The winners, who dubbed themselves “octo-champs,” were: Rishik Gandhasri, Erin Howard, Saketh Sundar, Shruthika Padhy, Sohum Sukhatankar, Abhijay Kodali, Christopher Serrao and Rohan Raja.

Also among those who advanced to round six was 13-year-old Aisha Randhawa of Corona, who tied for seventh place last year. But she fell in this year’s finals, misspelling “cuirassier.”

From 2014-2016, the bee ended with co-champions. In 2017 and last year, the bee had a written tiebreaker test of spelling and vocabulary that would be used to identify a single champion if necessary. It didn’t turn out to be needed, and bee officials decided the test was too burdensome and got rid of it.

A champion will be crowned Thursday night, taking home more than $50,000 in cash and prizes.

No matter what languages of origin were called upon — Yiddish, Afrikaans, Russian, the dreaded “unknown” — spellers were up to the task.

Among the words that might sound impossible to the TV audience but are considered by elite spellers to be near-layups: “maxixe,” ”oeillade,” ”Gebrauchsmusik,” ”Seychellois.”

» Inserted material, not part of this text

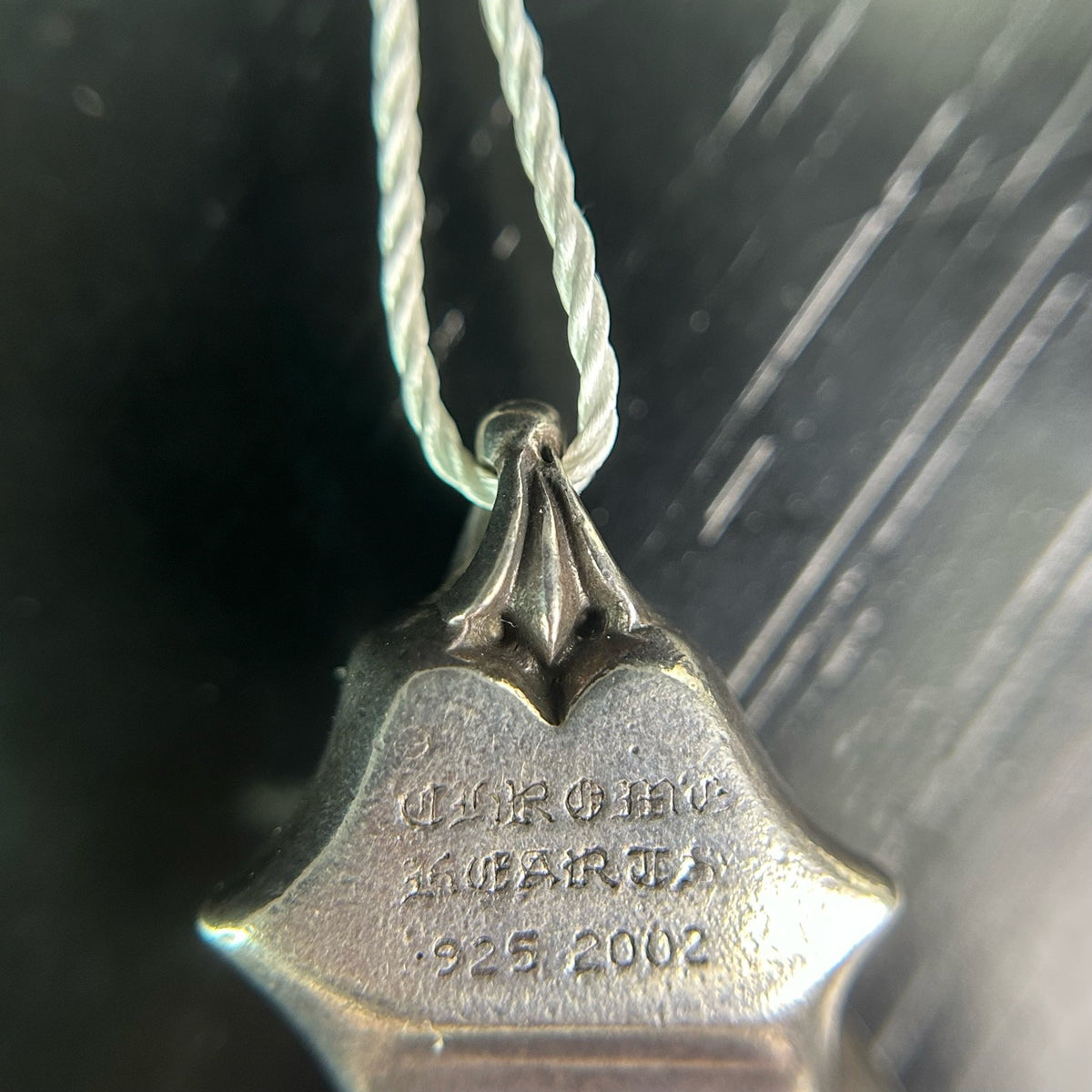Chrome Hearts - Rollingstone Ball Chain - 925 sterling silver - Silver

Simone Kaplan, a 13-year-old from Davie, Florida, had a mic-drop moment, showing off the depth of her knowledge of roots. Given the word “varsovienne,” she asked: “Is this most likely from the Latin place name ‘Varsovia,’ meaning Warsaw?”

Why, yes. Yes it is.

Parents shook their heads, amazed by their kids’ depth of knowledge. Former spellers griped on social media that the words were too easy.

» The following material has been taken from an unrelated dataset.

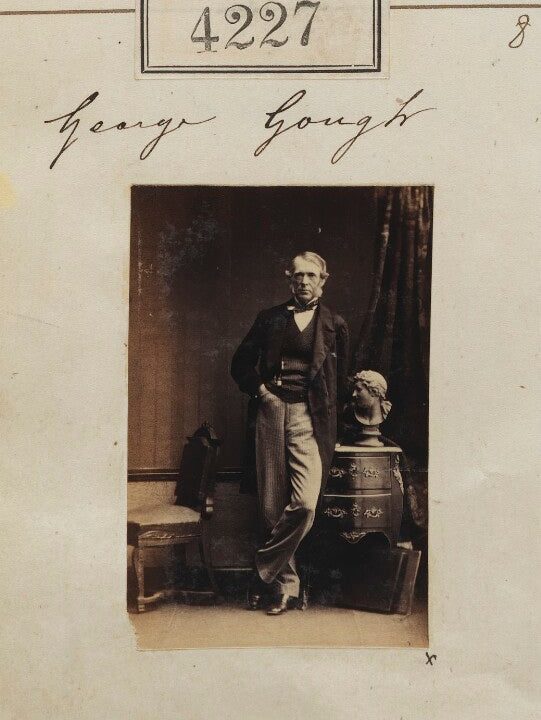 George Gough Portrait Print Genuine Cheap Pice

Perhaps one reason for the spellers’ performance: the burgeoning industry of spelling coaches and study guides that promise to crack the code of the bee. Thirteen of the 16 prime-time finalists and 38 of the 50 overall used study materials from SpellPundit, a business started by teenage ex-spellers Shobha Dasari and her younger brother, Shourav. The Dasaris offer a money-back guarantee if Scripps uses a word that’s not included in their guides.

“It’s all the spellers’ hard work,” 18-year-old Shobha said. “We just give them the words.”

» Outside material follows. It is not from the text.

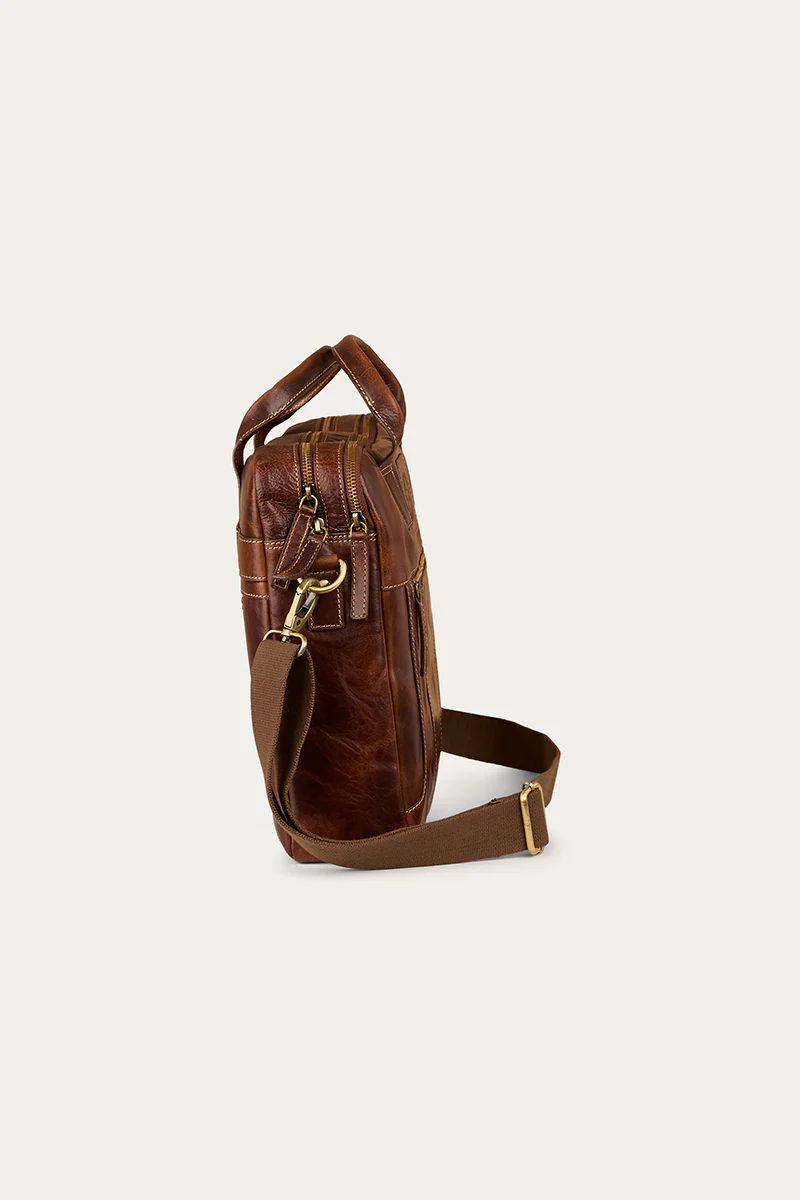 Toro Briefcase - Cognac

The key personality trait onstage was businesslike efficiency. Veteran spellers strode to the microphone confidently and never appeared rattled by the words they were given. Thirteen-year-old Rohan Raja of Irving, Texas, celebrated with fist pumps as he lumbered back to his seat.

Another machine-like speller: 13-year-old Sohum Sukhatankar of Dallas, sporting a black leather jacket, who advanced to the prime-time finals for the first time but is considered a favorite, with previous victories at the North South Foundation spelling bee and the South Asian Spelling Bee.

“I knew all the words I got. When I got them, I knew I was going to get them right,” Sohum said. “I took my time. If you spell too quickly, you could miss the word.”

Melodie Loya didn’t take that advice.

The 14-year-old from Bainbridge, New York, spelled her first word with such speed that when she returned to the microphone, pronouncer Jacques Bailly implored her to pace herself.

“I don’t want to put you off your game,” Bailly said, “but can you try and slow down maybe a little bit on your spelling?”

Spelling deliberately has obvious advantages: It prevents a speller’s mouth from moving faster than her brain. And, as Bailly, pointed out, it ensures the judges can understand what the speller is saying.

Melodie couldn’t help herself.

She started quickly and only got faster as she plowed through “madrague,” raising her hands in apparent surprise when she was told she got the word correct.

Every time at the microphone was a mini-drama for Melodie, whose facial expressions conveyed her exasperation, concentration and abject panic. She closed her eyes. She looked at the ceiling. She buried her face in her hands.

And when she spelled, she acted as if she couldn’t wait for it all to be over — until it wasn’t.

Melodie was eventually bounced by the word “theileriasis,” which just had too many vowel sounds she couldn’t figure out.

For many of her fellow spellers, referred to on their Scripps-issued T-shirts this year as “word detectives,” the clues were obvious and the suspects might as well have turned themselves in.